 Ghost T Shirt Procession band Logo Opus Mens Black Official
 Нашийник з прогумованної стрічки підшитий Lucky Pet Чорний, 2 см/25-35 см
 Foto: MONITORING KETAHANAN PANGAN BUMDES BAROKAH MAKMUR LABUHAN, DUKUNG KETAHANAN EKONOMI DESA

---

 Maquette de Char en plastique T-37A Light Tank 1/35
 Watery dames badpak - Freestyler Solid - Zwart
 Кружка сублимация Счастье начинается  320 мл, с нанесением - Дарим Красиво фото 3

> Exercise description:
Nothing but the lines above from the one containing "Нашийник з прогумованної" through the one containing "Foto: MONITORING KETAHANAN" should appear in the answer, each repeated exactly.

> Worked solution:
 Нашийник з прогумованної стрічки підшитий Lucky Pet Чорний, 2 см/25-35 см
 Foto: MONITORING KETAHANAN PANGAN BUMDES BAROKAH MAKMUR LABUHAN, DUKUNG KETAHANAN EKONOMI DESA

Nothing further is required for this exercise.